Jeremy Hellickson beat out Mike Trout for Baseball America's Minor League Player of the Year award in 2010, then was voted Rookie of the Year in 2011. |
That the Rays escaped the jam without allowing a run doesn't excuse his performance — in that game, or for the season. Hellickson, in his third full season in the majors, saw his ERA inflate from 2.95 as a rookie in 2011 and 3.10 in 2013 to 5.17 in 2013.
The Iowa native's leading indicator stats are a mixed bag. His strikeout rate and walk rates actually improved this year, and the home run rate remained stable. More batted balls found holes, and that may well be ascribed to hit luck. But if so, it would more more a case of abnormally good fortune in the first two years, when his BABIP (batting average, balls in play) was a minuscule .224 and .264, than abnormally good fortune this year (his 2013 BABIP was a more normal .308). Which suggests that Hellickson was getting better results in his first two seasons than he deserved.

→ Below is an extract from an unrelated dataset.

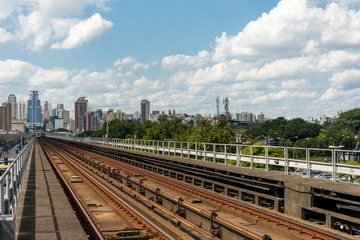Fototapeta premium Urban train rail in Sao Paulo, Brazil, with buildings at the backside. Urban train rail, with buildings at the backside.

Hellickson is about to become arbitration eligible, and I really wonder what the budget-conscious Rays will do with the 2011 Rookie of the Year. Scott Boras is his agent, so there will be no team-friendly bargains struck. The statistically-savvy Rays may well decide it's time to dump him on a team hoping that his 2013 was an aberration.
And if there's an organization susceptible to that kind of thinking, it would be the Minnesota Twins.